EXERCISE: Only the lines from the one containing "Toyota Harrier, 1998" to the end of the records belong in the copy. Reproduce them word for word and drop the pictures.

RECORDS SHOWN:
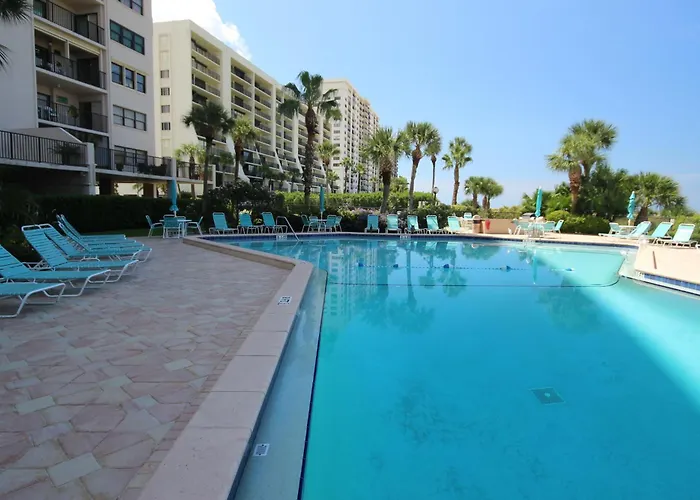 Beachfront With Shared Pool And Tennis Courts Apartment Clearwater Beach
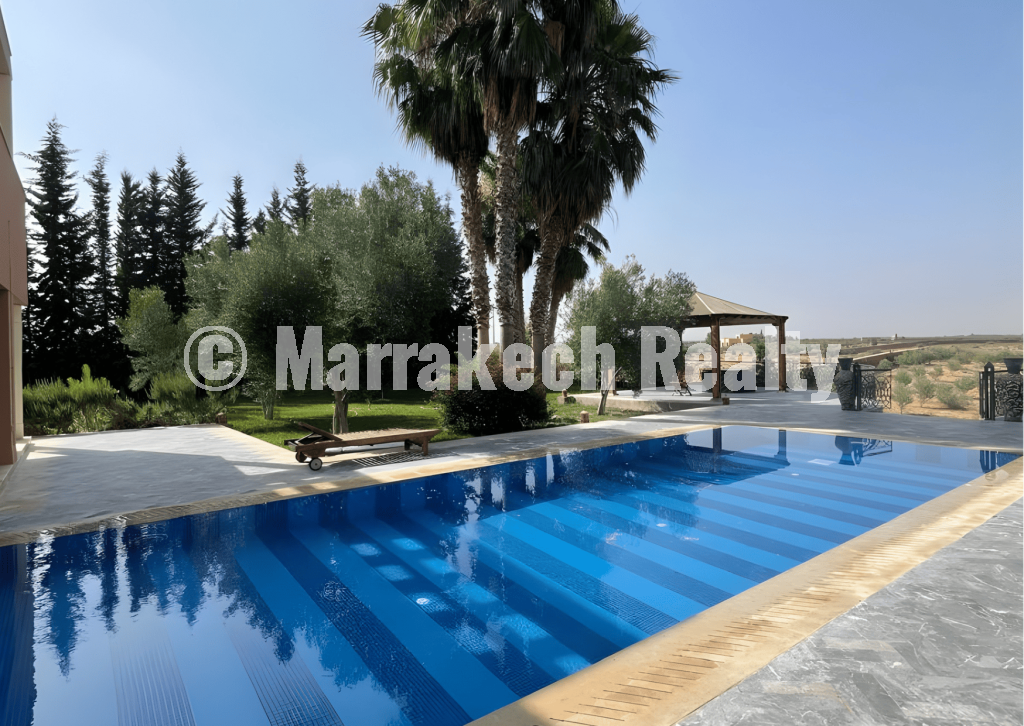 Villa Moderne avec Piscine Chauffée – Vue Atlas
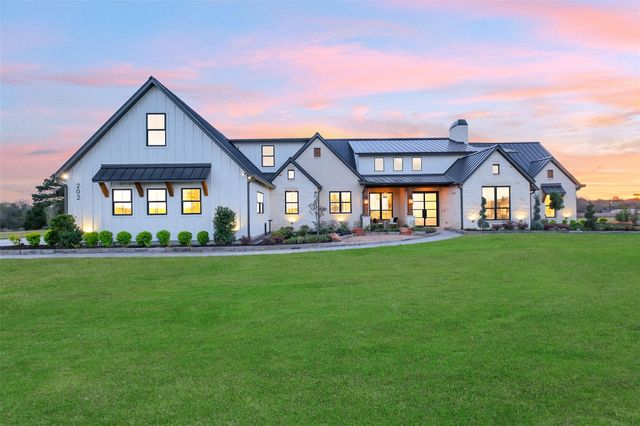 202 Astoria Avenue, Round Top, TX 78954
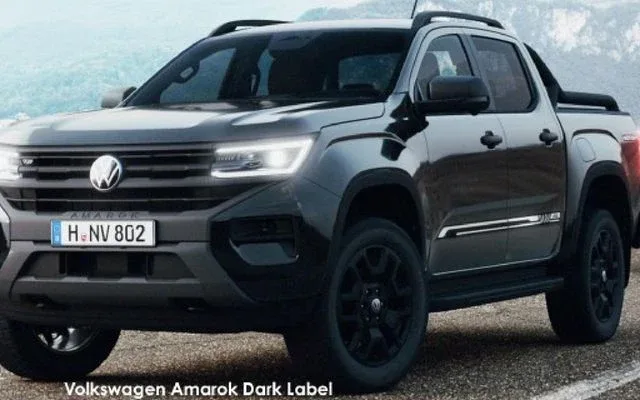 3.0tdi V6 184kw 4mot DARK Label A/T D/C P/U April 2026
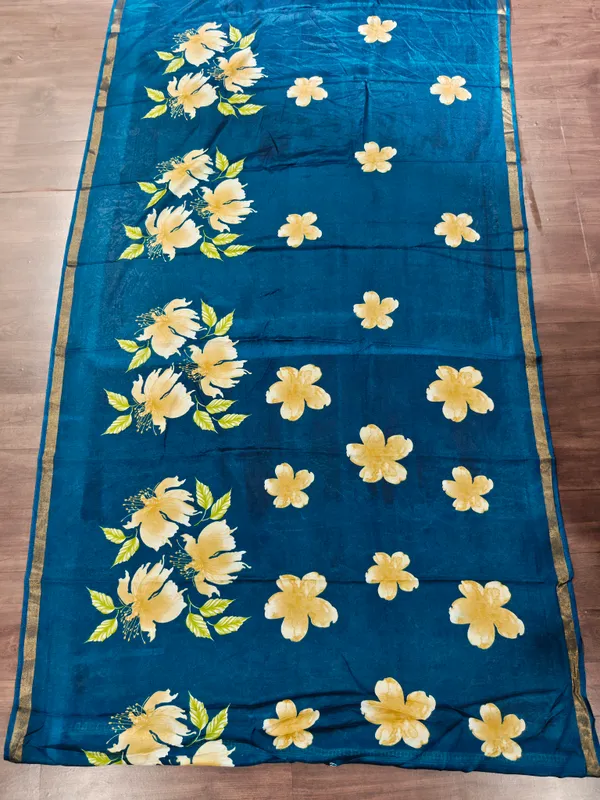 Blue_Floral_Print_Saree_for_Women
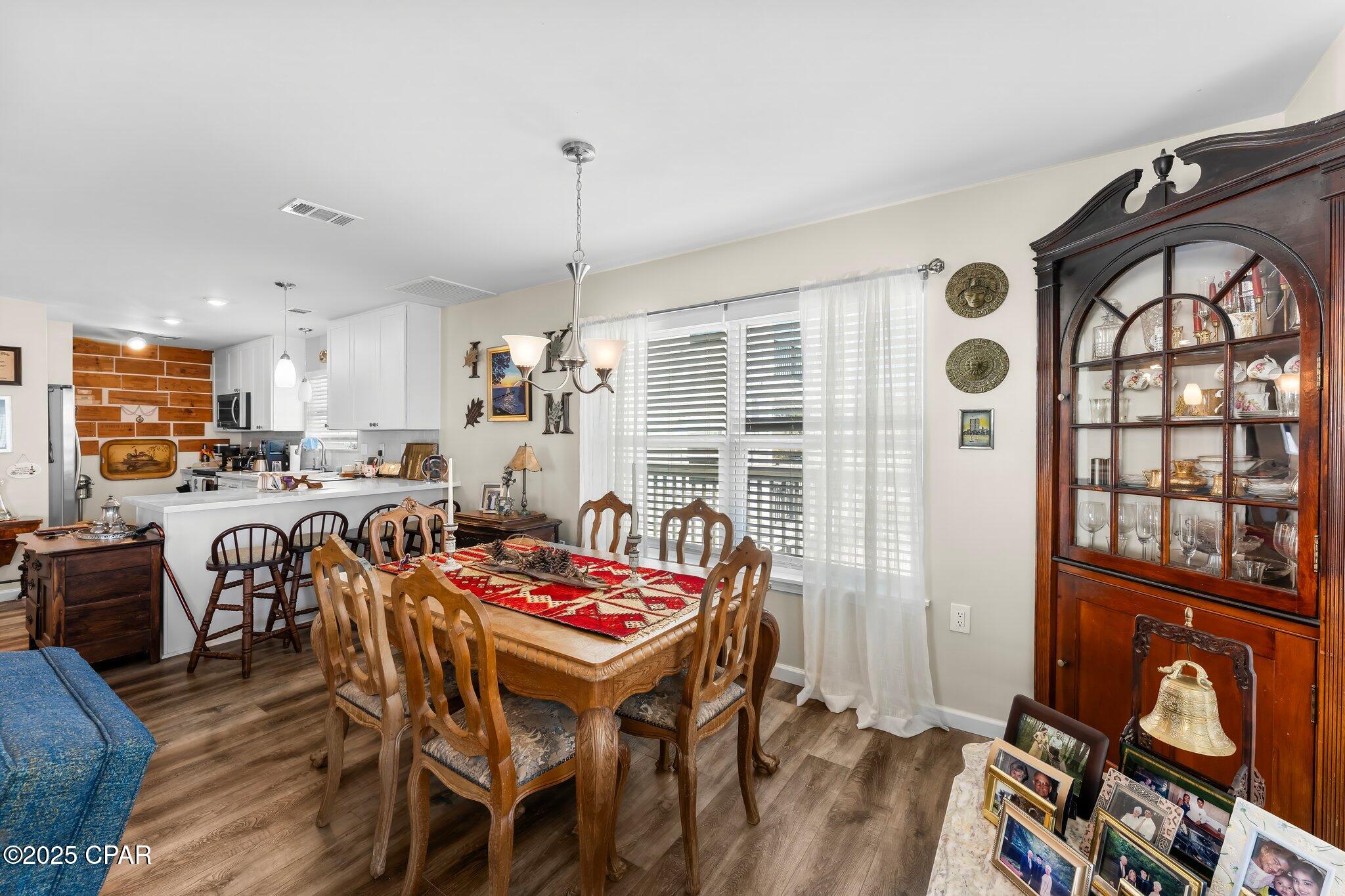 Image 12 For 1035 Bay Circle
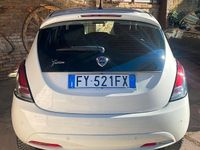 Usata Lancia Ypsilon 69 CV (50 kW) 2019 Bianco Utilitaria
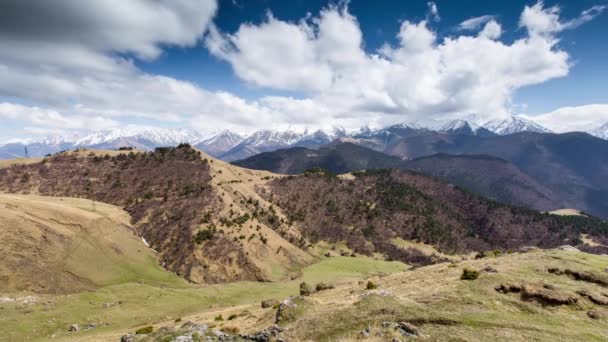 Disparos de intervalo. Rusia, las montañas del Cáucaso, Ingushetia, la formación de nubes de lluvia sobre el Gran Cáucaso hrebttom al atardecer . — Vídeo de stock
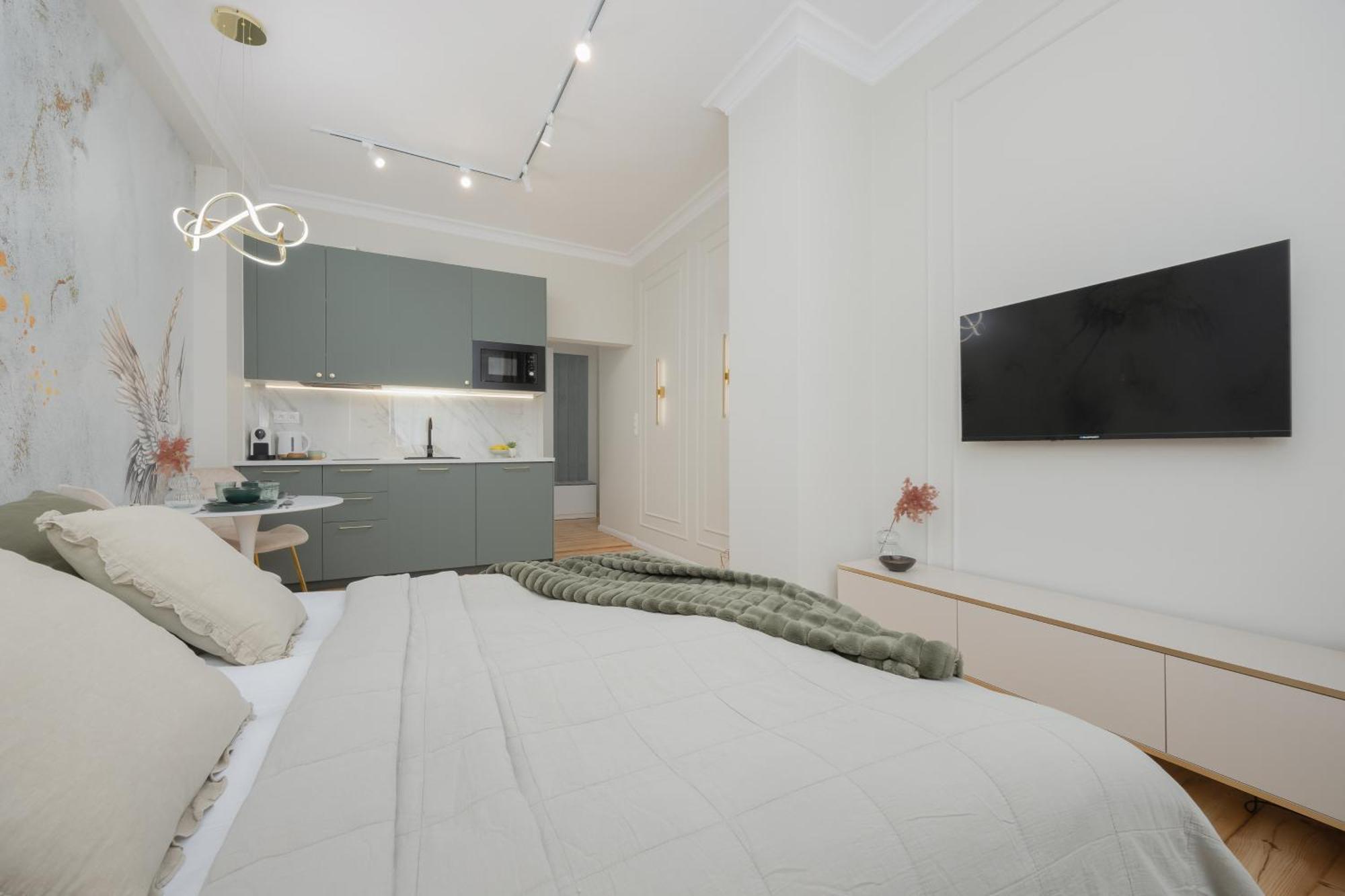 Apartment Elegant Grojecka In By Renters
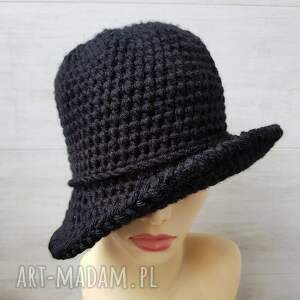 czarny kapelusz w stylu art deco, robiony szydełkiem, szydełkowa czapka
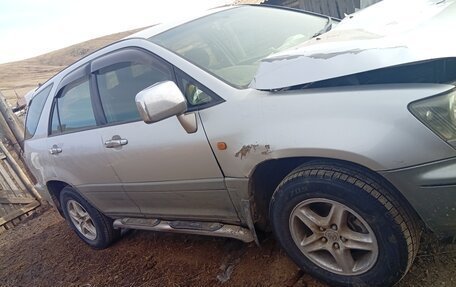 Toyota Harrier, 1998 год, 250 000 рублей, 2 фотография
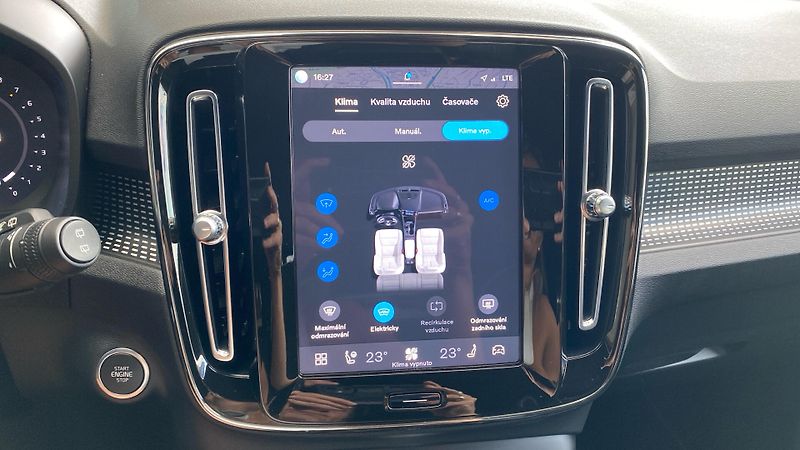 Volvo XC40 PLUS DARK, B4 AWD, 145+10 kW / - fotka 21 z 38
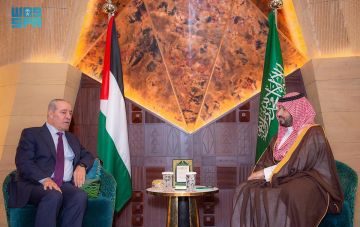 ولي العهد يستقبل نائب رئيس دولة فلسطين ويستعرض معه الجهود المبذولة لدعم القضية الفلسطينية ولي العهد يستقبل نائب رئيس دولة فلسطين ويستعرض معه الجهود المبذولة لدعم القضية الفلسطينية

ANSWER TO THE EXERCISE:
 Toyota Harrier, 1998 год, 250 000 рублей, 2 фотография
 Volvo XC40 PLUS DARK, B4 AWD, 145+10 kW / - fotka 21 z 38
 ولي العهد يستقبل نائب رئيس دولة فلسطين ويستعرض معه الجهود المبذولة لدعم القضية الفلسطينية ولي العهد يستقبل نائب رئيس دولة فلسطين ويستعرض معه الجهود المبذولة لدعم القضية الفلسطينية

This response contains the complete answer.